The science of physiognomy shared the fate of all others, when the Roman empire was overthrown by the northern barbarians. But about the beginning of the sixteenth century it began to attract notice; and from that time till the close of the seventeenth, it was one of the most fashionable studies. Within the space here mentioned appeared almost all the modern authors who have written upon this subject.¹
Soon after the controversy in the Berlin Transactions, the great work of Lavater attracted the attention of the literary world. The work itself is magnificent; and that circumstance, as well as the nature of the subject, has contributed to extend its fame. With the scholastic and systematic method adopted by the physiognomists of the last and preceding centuries, Lavater rejected their manner of writing, which was dry, concise, indeterminate, and general. His own remarks are, for the most part, precise, and frequently founded on distinctions extremely acute. His opinions on the physiognomy of the ears, hands, nails, and feet of the human species, on hand-writing, on the physiognomy of birds, insects, reptiles, and fishes, are obviously premature, as hitherto no sufficient number of accurate observations have been made, in regard to these particulars, to authorize any conclusion. He has also erred in the opposite extreme, when treating of the important topic of national physiognomy, where he has by no means prosecuted the subject so far as facts might have warranted.

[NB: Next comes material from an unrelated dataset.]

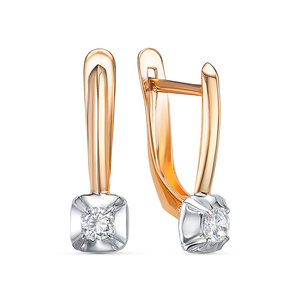 Серьги 1202951 (Au 585)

In the Berlin Transactions for the year 1775, there appears a formal attack upon Lavater's work by M. Formey. After disputing the propriety of the extensive signification applied by Lavater and Permenty to the term physiognomy, Formey adopts nearly the same definition which we have proposed near the beginning of this article. He allows that the mental character is intimately connected with, and sensibly influenced by, every fibre of the body; but his principal argument against physiognomy is, that the human frame is liable to innumerable accidents, by which it may be changed in its external appearance, without any correspondent change of the disposition; so that it surpasses the extent of the skill of mortals to distinguish the modifications of feature which are natural from those which may be accidental. Although, therefore, the science of physiognomy may be founded in truth, he infers that the Deity only can exercise it. Formey further contends, that education, diet, climate, and sudden emotions, nay, even the temperaments of our ancestors, affect the cast of human features; so that the influence of mental character on these features may be so involved with, or hidden by, accidental circumstances, that the study of physiognomy must ever be attended with hopeless uncertainty.
¹ Such as Coelos, Baptista Porta, Honoratus Nauetius, Jacobus de Indagine, Alstedius, Michael Schottus, Gaspar Schottus, Cardan, Taisnierus, Fludd, Behmen, Barclay, Claromontius, Conringius, the commentaries of Augustin Niphus and Camillus Balbus on the Physiognomica of Aristotle; Spontanus, Andreas Henricus, Joannes Dignander, Goelensis, Alexander Achillimus, Pretorius, Belot, Gratalorum, and others, noticed in the Polyhistor of Morhoff (vol. i. lib. i. cap. 15, sect. 4, and vol. ii. lib. iii. cap. i. sect. 4).